Leaving the pictures aside, return all of the data below exactly.

*** Opening of Excerpted records ***

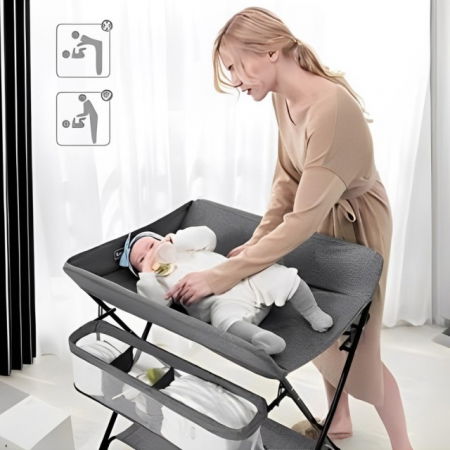 PRODUS RESIGILAT - Masa de infasat bebe, Empria, multifunctionala, pliabila, 2 cosuri depozitare, 77x62 cm [7]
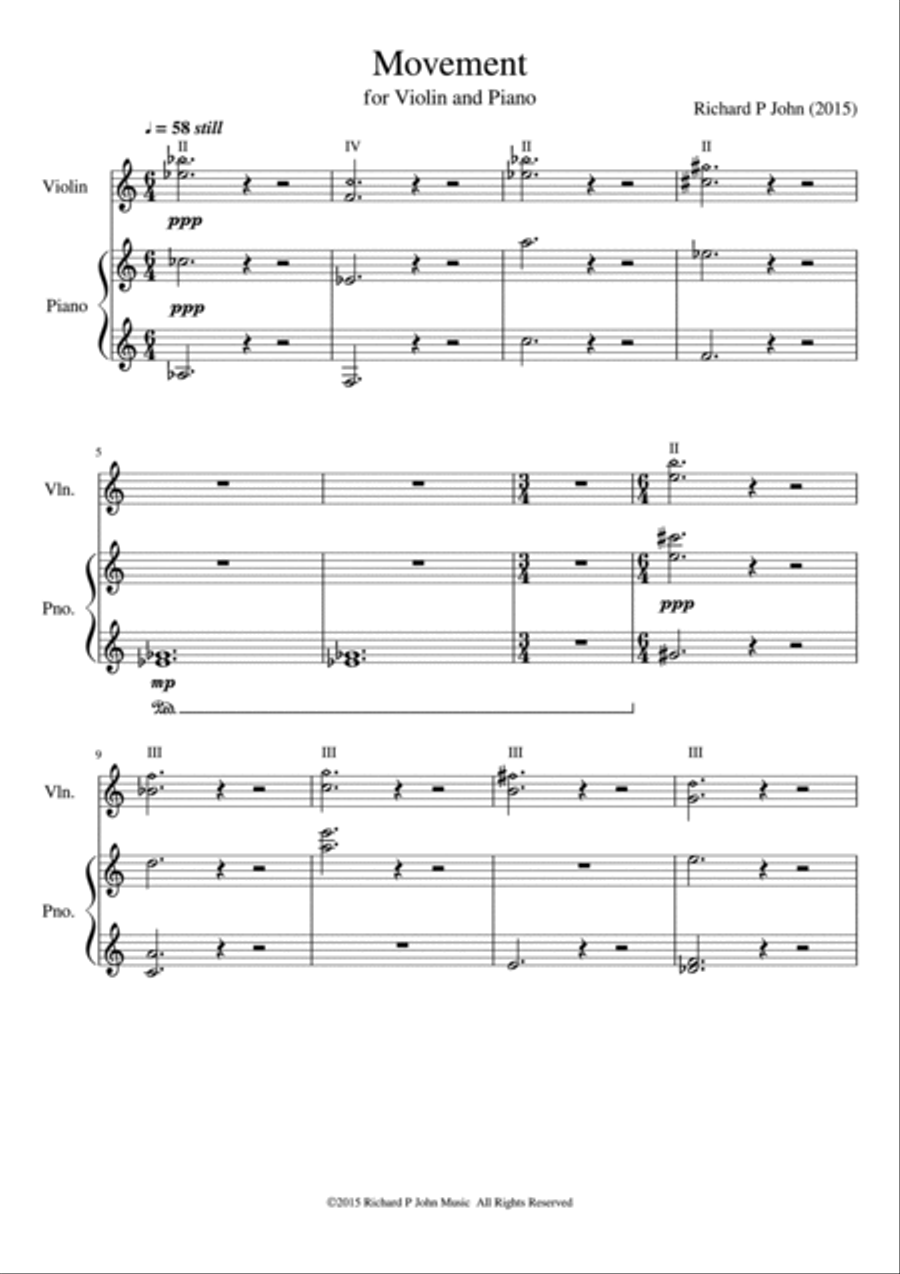 Movement (for violin and piano) Violin Solo scores gallery preview page 2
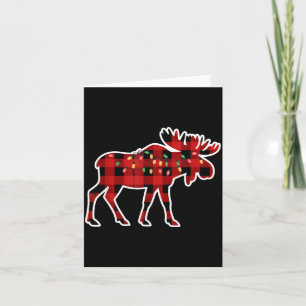 Xmas Moose Red And Black Buffalo Plaid Christmas L Card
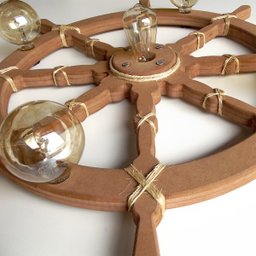 Lustre Luminária Pendente 85cm Leme De Navio Rústico 5B - 2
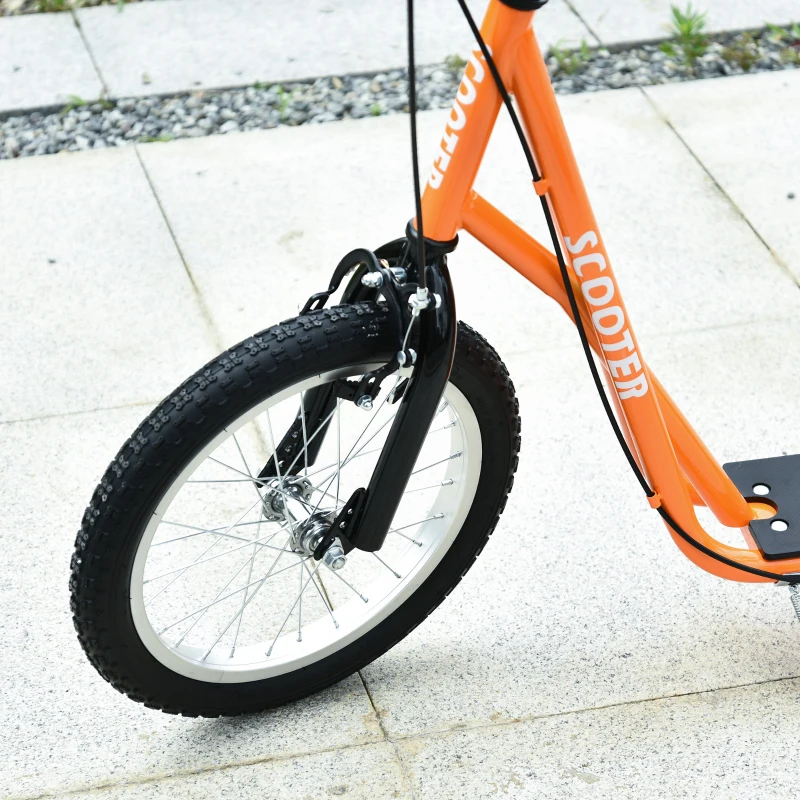 HOMCOM Youth Kids Kick Scooter Adjustable Handlebar Teens Ride On Toy For 5+ w/ Front and Rear Dual Brakes Inflatable Wheels-Orange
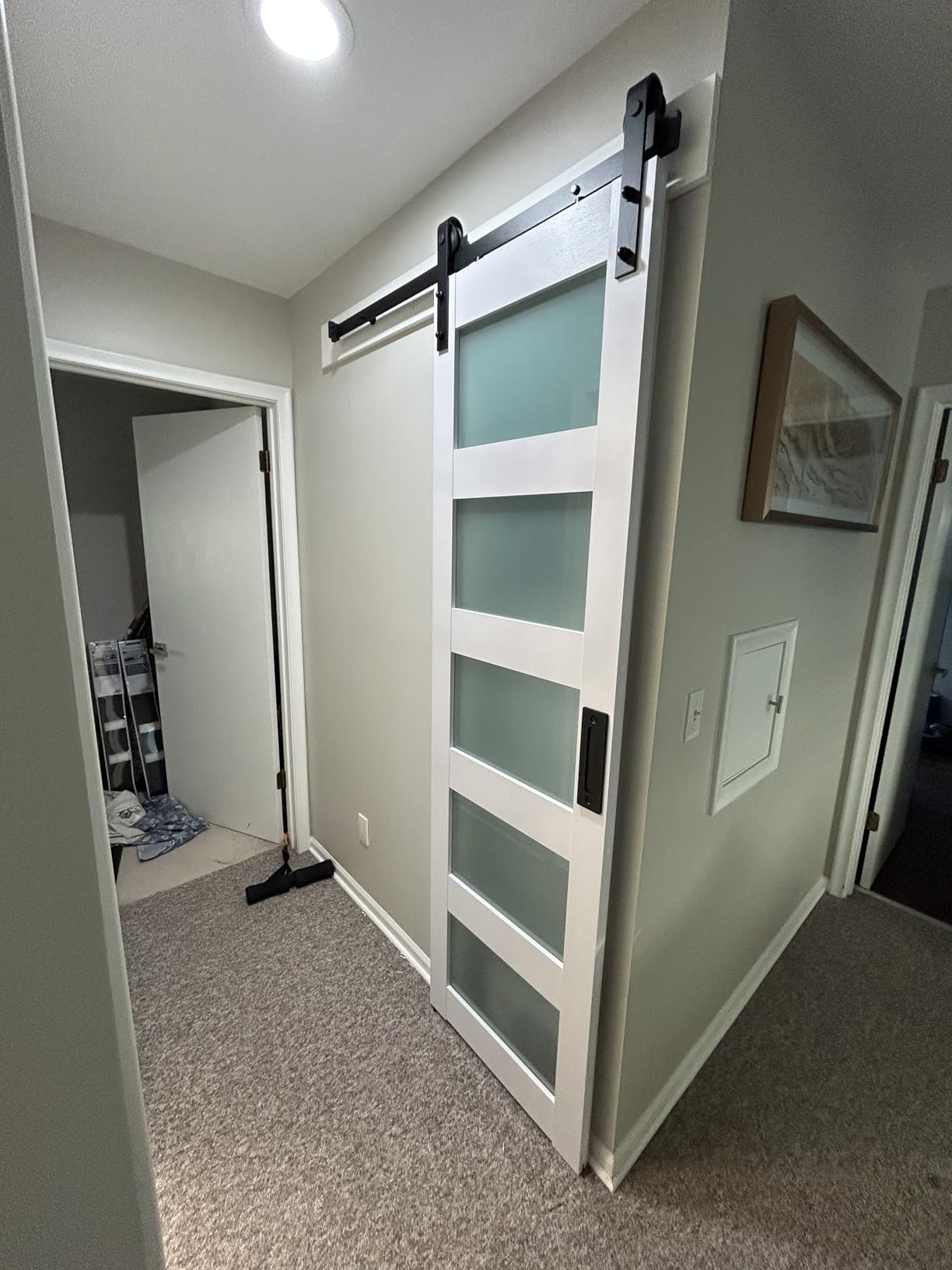 SmartStandard 60 x 84 in (Double 30x84 Door) Glass Barn Door with 10FT Sliding Hardware Kit & Handle, Pre-Drilled Ready to Assemble, Waterproof PVC Coating, 5-Panel Glass, White customer photo 2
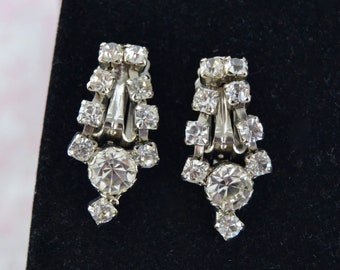 Vintage Clip-On Earrings with Dangling Clear Rhinestones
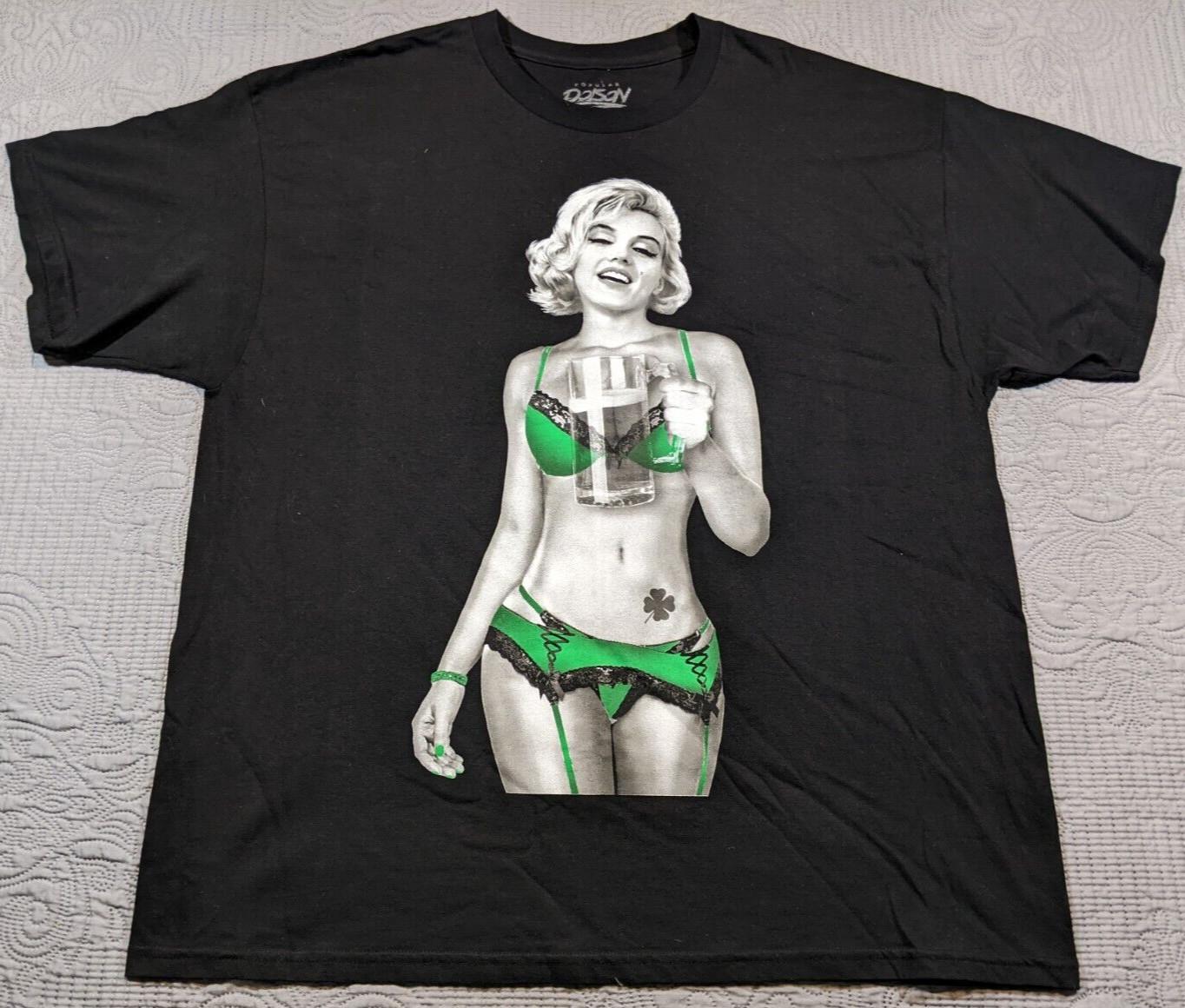Popular Poison Mens T-Shirt Woman In Bikini w/Beer St Patrick s Dope Black XXL Unisex T-Shirt XXXL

*** Close of Excerpted records ***

→ Expected output
 PRODUS RESIGILAT - Masa de infasat bebe, Empria, multifunctionala, pliabila, 2 cosuri depozitare, 77x62 cm [7]
 Movement (for violin and piano) Violin Solo scores gallery preview page 2
 Xmas Moose Red And Black Buffalo Plaid Christmas L Card
 Lustre Luminária Pendente 85cm Leme De Navio Rústico 5B - 2
 HOMCOM Youth Kids Kick Scooter Adjustable Handlebar Teens Ride On Toy For 5+ w/ Front and Rear Dual Brakes Inflatable Wheels-Orange
 SmartStandard 60 x 84 in (Double 30x84 Door) Glass Barn Door with 10FT Sliding Hardware Kit & Handle, Pre-Drilled Ready to Assemble, Waterproof PVC Coating, 5-Panel Glass, White customer photo 2
 Vintage Clip-On Earrings with Dangling Clear Rhinestones
Popular Poison Mens T-Shirt Woman In Bikini w/Beer St Patrick s Dope Black XXL Unisex T-Shirt XXXL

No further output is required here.